-- Assigned task --
Once you reach the line with "Schema der Kolposkopie" in the material below, copy each line exactly up to and including the line with "Тканевая эмболия Тканевая", and skip the pictures.

-- Dataset --
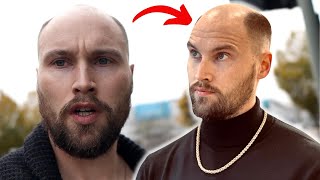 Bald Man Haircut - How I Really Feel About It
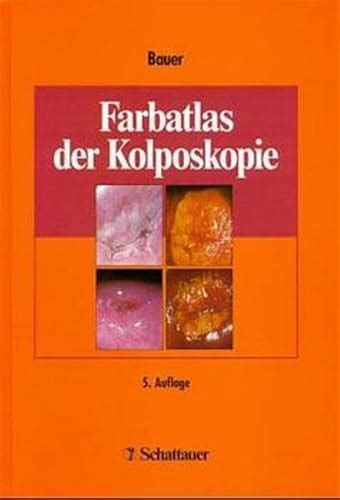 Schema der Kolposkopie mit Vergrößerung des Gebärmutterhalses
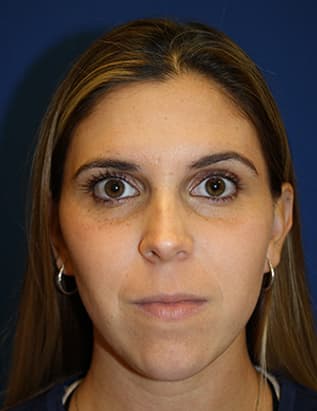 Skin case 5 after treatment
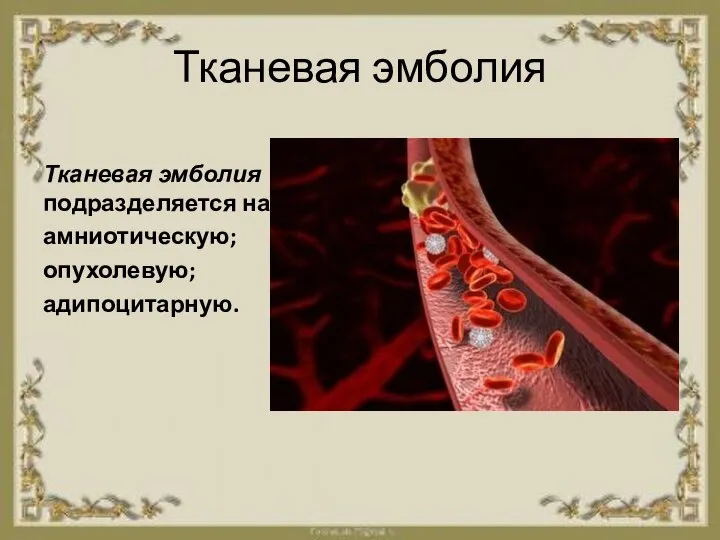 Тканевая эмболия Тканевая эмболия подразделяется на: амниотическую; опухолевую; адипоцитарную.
---
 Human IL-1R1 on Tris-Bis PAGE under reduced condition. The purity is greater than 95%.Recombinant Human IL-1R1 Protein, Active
* * *
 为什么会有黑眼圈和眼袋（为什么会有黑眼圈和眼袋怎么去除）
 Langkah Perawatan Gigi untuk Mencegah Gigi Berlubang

-- Answer area --
 Schema der Kolposkopie mit Vergrößerung des Gebärmutterhalses
 Skin case 5 after treatment
 Тканевая эмболия Тканевая эмболия подразделяется на: амниотическую; опухолевую; адипоцитарную.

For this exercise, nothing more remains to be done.